La mentira repetida mil años por la leyenda negra sobre el oscuro rito sexual de los caballeros templarios
La mentira repetida mil años por la leyenda negra sobre el oscuro rito sexual de los caballeros templarios
Para Emery de Villars-le-Duc, hidalgo de la Orden del Temple al que sus captores describieron como un hombre esbelto de «barba rasa», el martes 13 de mayo de 1310 fue un día de buena fortuna. O, al menos, una jornada en la que escapó de la muerte. Tras más de dos décadas como caballero, y después de ser capturado por los secuaces de Felipe IV de Francia, se presentó ante la Inquisición gala «sin manto ni hábito» dispuesto a responder a las desquiciadas acusaciones que la monarquía del país había prefabricado contra su hermandad. Los interrogadores esperaban a un curtido cincuentón, pero hallaron a un hombre trémulo que se derrumbó ante la perspectiva de la ejecución. Y así informaron de ello:
«El testigo, pálido y muy asustado, deponiendo bajo juramento y con peligro de su alma, pidiendo, si mentía, morir de repente […] golpeándose el pecho con los puños […], dijo que todos los errores imputados a la orden eran falsos, aunque hubiera confesado algunos en medio de las torturas a las que le habían sometido. […] Añadía, no obstante, que habiendo visto llevar en carretas para ser quemados cincuenta y cuatro hermanos de la orden que no habían querido confesar dichos errores, y habiendo oído decir que los habían quemado, él, que temía, en caso de ser condenado, no tener bastante fuerza para aguantar […] estaba dispuesto a confesar y jurar por temor, ante los comisarios […] que había dado muerte a nuestro Señor».

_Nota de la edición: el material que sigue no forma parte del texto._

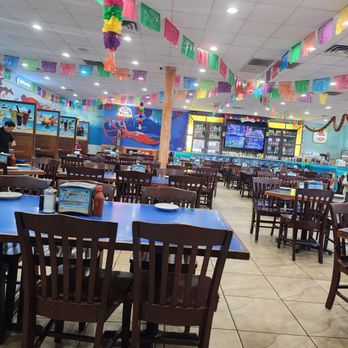 El Bucanero - Marbach - Dinning room - Mexican Near Me - San Antonio, Texas El Bucanero - Marbach - Dinning room - Mexican Near Me - San Antonio, Texas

Lloró, maldijo y juró «no revelar a las gentes del rey» que las acusaciones eran falsas si le permitían vivir. La escena fue tan patética que «los comisarios, viendo el peligro que amenazaba a los testigos si ellos continuaban oyéndolos bajo este terror, y conmovidos además por otras causas, resolvimos sobreseer por el momento». Emery de Villars-le-Duc esquivó su destino, pero no les ocurrió lo mismo a las decenas de caballeros que, como Jacques de Molay, último Gran Maestre de la Orden, fueron quemados vivos acusados de una retahíla de falacias exacerbadas por un monarca galo ávido de acabar con los templarios. Y todo, para evitar que atesoraran más poder y riquezas que la realeza.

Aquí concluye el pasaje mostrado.